REPUBLIKA.CO.ID, AMSTERDAM -- Jaksa Mahkamah Pidana Internasional (ICC) ingin kembali menyelidiki kejahatan perang di Afghanistan. Kali ini penyelidikan fokus pada tindakan Taliban dan ISIS-Khorasan.
Dalam pernyataannya, Senin (27/9) jaksa ICC mengatakan telah mengajukan permintaan pada hakim pengadilan sejak gerakan Taliban merebut kekuasaan di Afghanistan pada bulan lalu.
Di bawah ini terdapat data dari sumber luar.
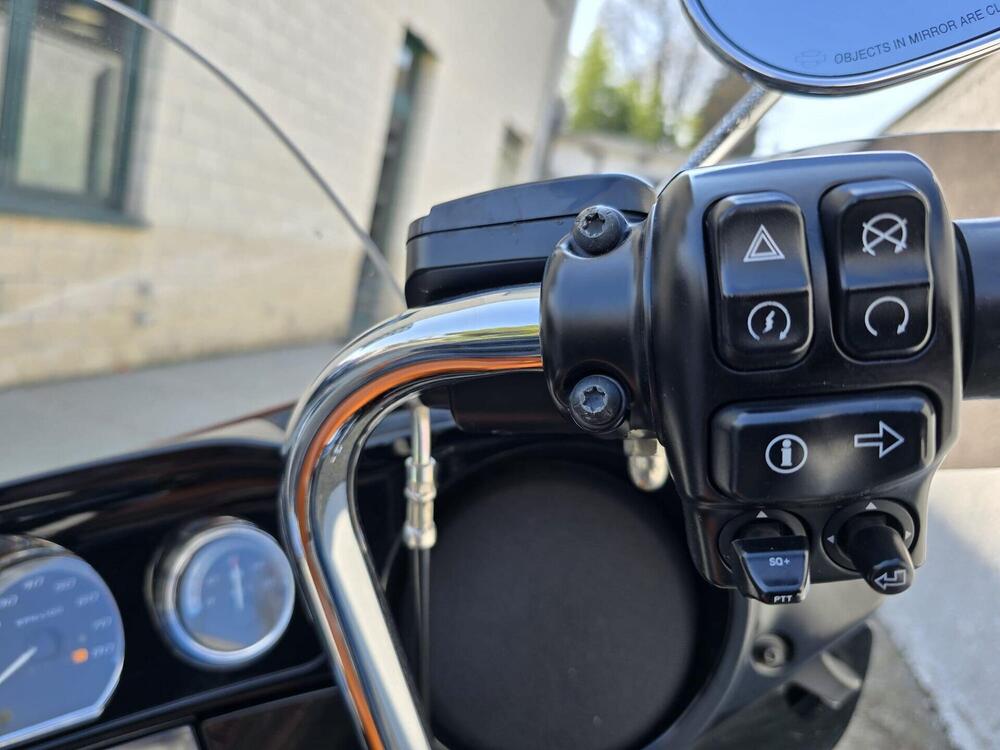 Harley-Davidson 1690 Electra Glide Ultra Limited (2014 - 15) - FLHTK (8)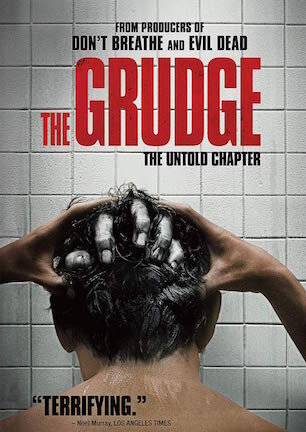 The Grudge 2020 Hindi ORG Dual Audio 1080p 720p 480p BluRay ESub Download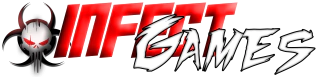 INFECT GAMES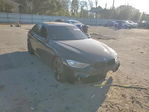BMW Series 3 2015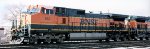 BNSF C44-9W 987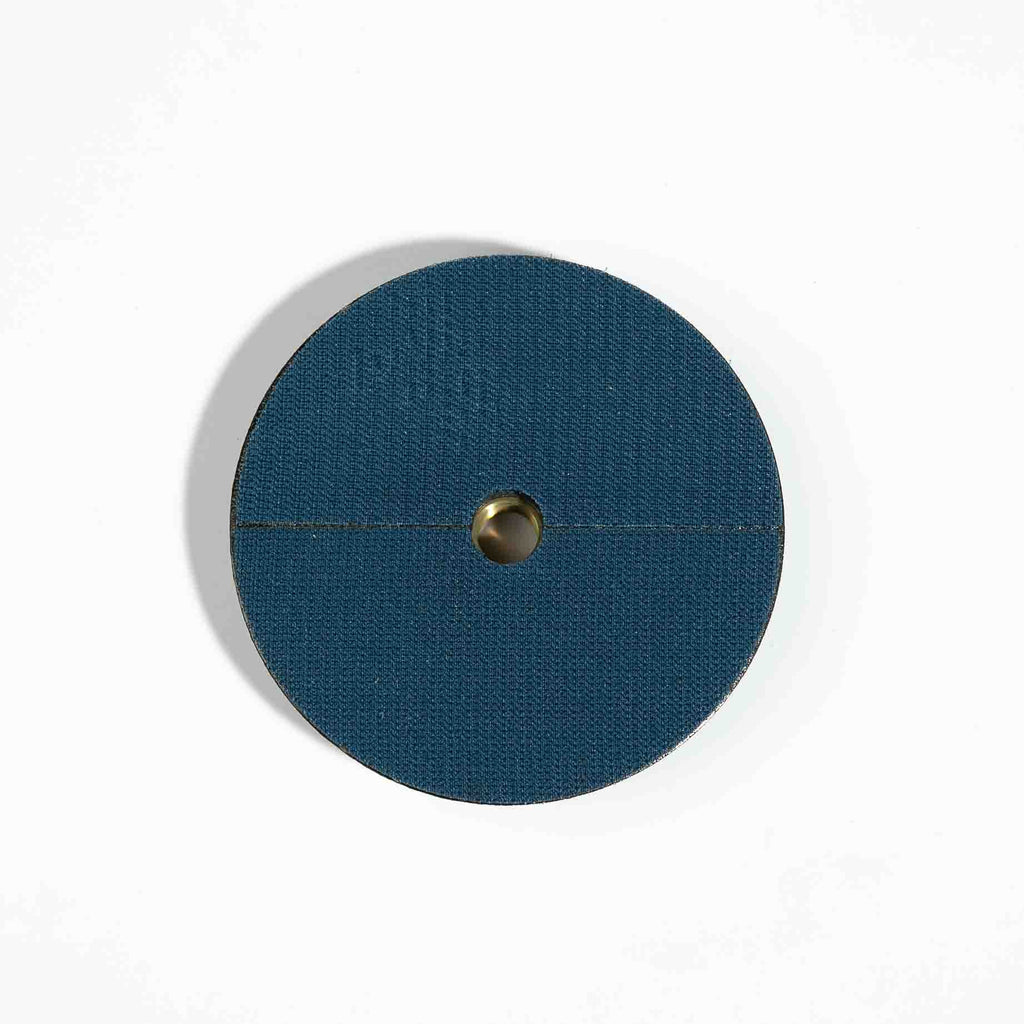 BU PAD 5IN FLEXIBLE PAD 5/8-11 FEMALE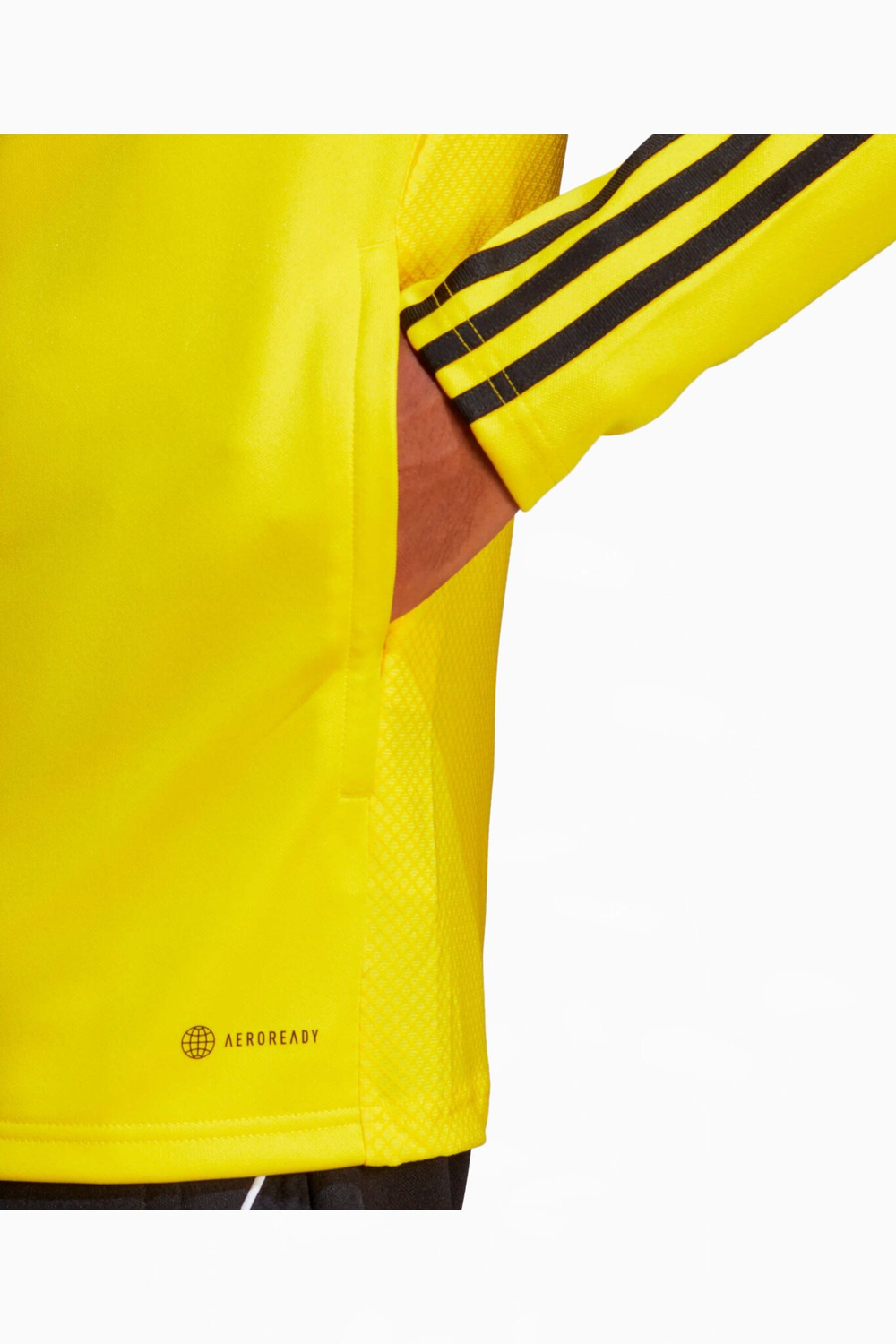 Кофта Tiro 23 League Training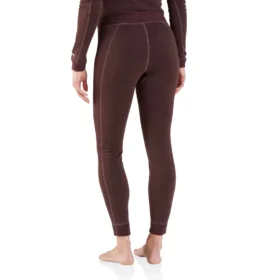 Kadınlar İçin Termo İçlik Taytlar – carhartt Force® – Ağır – Sentetik Yün Karışımlı Polar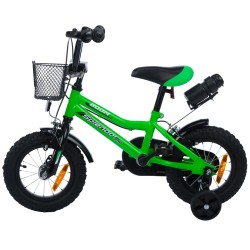 Bicicleta pentru copii, 14“, Splendor SPL14V-PRO (...
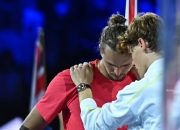 开云体育官方网站-包含澳大利亚网球队碾压意大利网球队，兹维列夫送出助攻的词条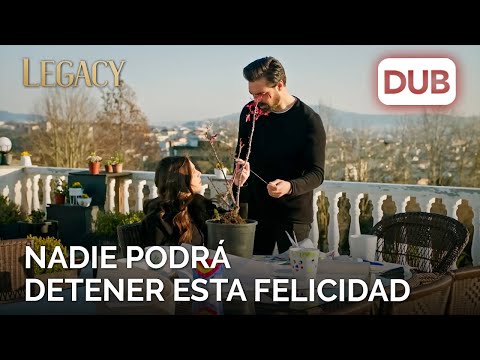 Happiness is with them no matter what | Legacy Chapter 249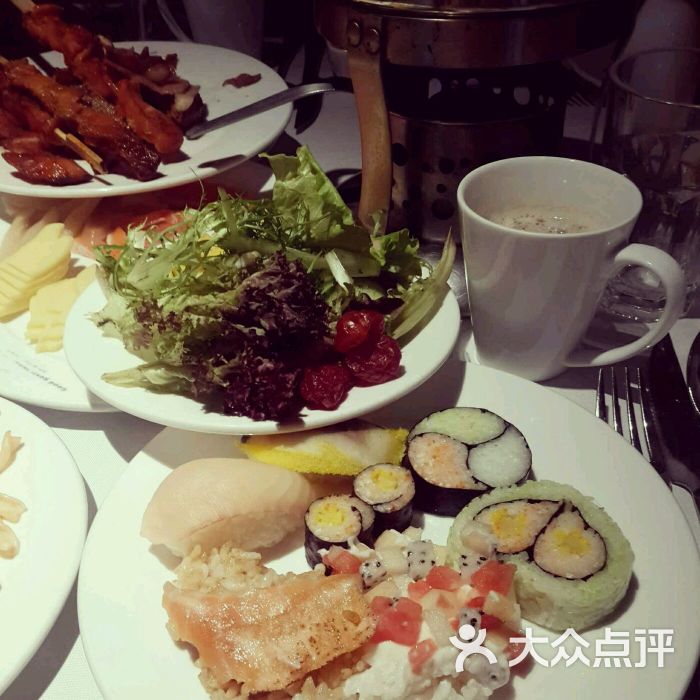 多伦多海鲜自助餐厅(徐州金鹰2店)-图片-徐州美食-大众点评网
Sebelumnya jaksa ICC juga menyelidiki kejahatan perang pasukan AS dan pemerintah Afghanistan.
Akan tetapi jaksa Karim Khan mengatakan kini ia akan 'mengurangi prioritas' sebab penyelidikan tersebut kekurangan sumber dan fokus 'pada skala dan sifat kejahatan yang sesuai yuridiksi pengadilan'. ICC sudah mencari tahu tentang kejahatan perang di Afghanistan selama 15 tahun sampai akhirnya resmi menggelar penyelidikan penuh tahun lalu.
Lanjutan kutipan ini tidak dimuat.